Nepherhotep opened this issue · 2 comments
Nepherhotep commented
We are trying to optimize features preprocessing step for the real-time inference, where latency is critical. We can cache some intermediate data for building tensor more efficiently, but for that purposes we need a way to extract categorical features mapping, as well as continuous feature conversion rules from the trained NVTabular workflow. Is there a way doing it?
Thanks!
shoyasaxa commented
Hello team - just to add more information,
- We are setting up online inference where features need to be preprocessed in real-time. We just need to preprocess one to few rows of data, and passing it through NVT
transform()
function takes too long. - We are looking to instead extract the categorical features mapping that NVT workflow has fitted to as well as the statistics that NVT collected in for the
Normalize
operator for each of the continuous variables (please assume all the continuous variables are simply passed throughNormalize
operator). - We are aware that the index mapping for categorical features can be retrieved by looking at the parquet files in the
categories/
folder of the saved workflow. However, the difficulty comes with extracting the statistics learned for the continuous variables.
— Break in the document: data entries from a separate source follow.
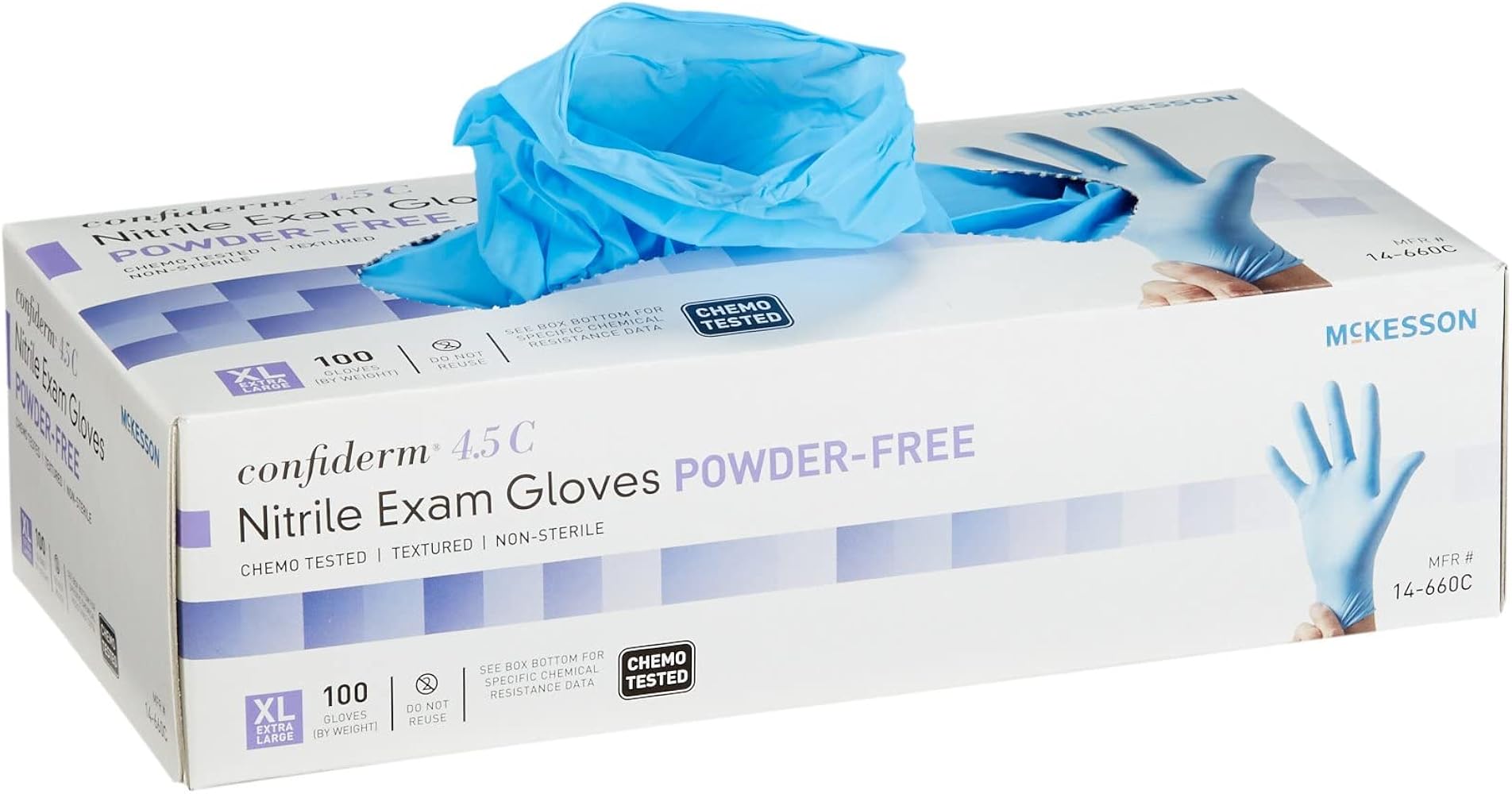 McKesson Confiderm 4.5C Nitrile Exam Gloves - Powder-Free, Latex-Free, Ambidextrous, Textured Fingertips, Chemo Tested, Non-Sterile - Light Blue, Size XL, 100 Count, 1 Box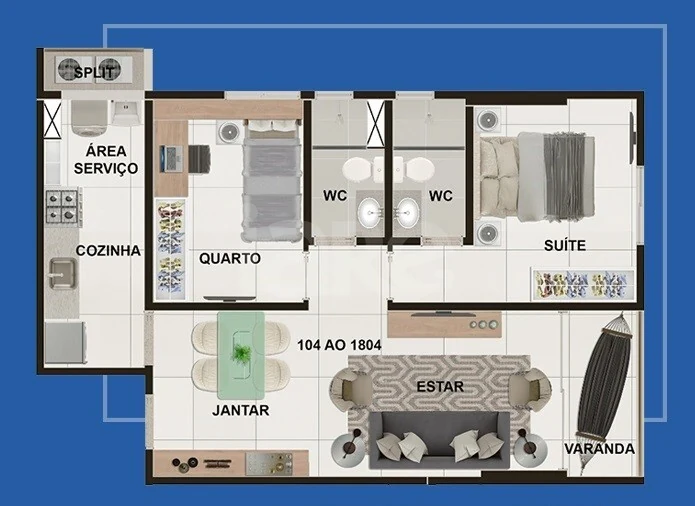 Planta — Apartamento 58,43 m²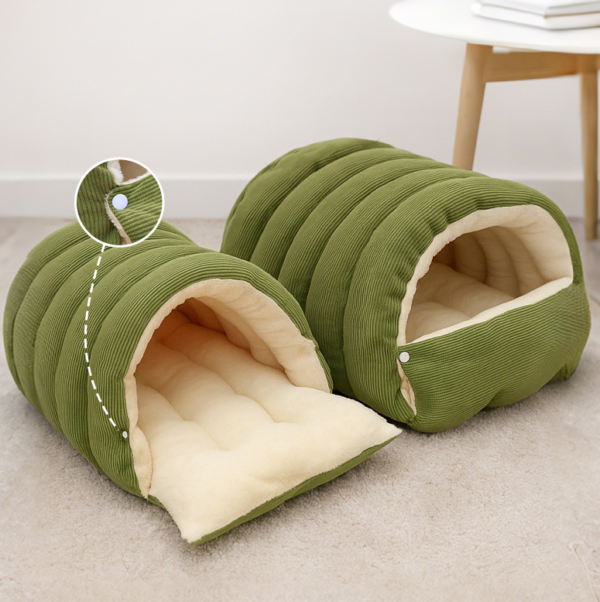 ScreenShot_2026-08-15_171519_273 Striped Velvet Enclosed Pet Bed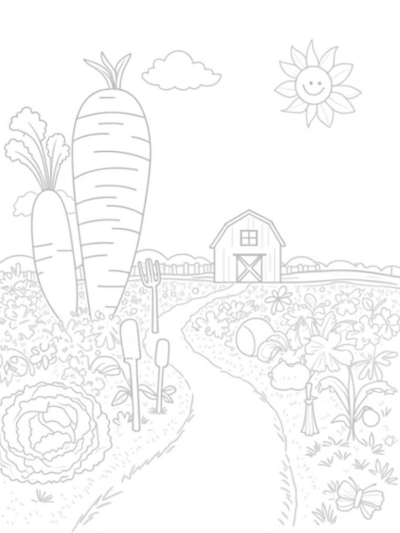 Giant Carrots and Cabbage Clouds in a Farm Landscape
From a quick glance around, it doesn't seem like these statistics are saved in a separate file, and I'm guessing they are pickled together in the workflow. We are looking to be able to do something similar to the following with an already fitted workflow:
print(workflow.learned_statistics["my_continuous_variable1"])
>> {"mean": 0.85, "std": 1.2 }
Is something like this possible? Please let us know!
We are in NVT version 23.04.00
using merlin-pytorch:23.04
from here.
Thank you for your help!
sibadakesi commented
We encountered the same problem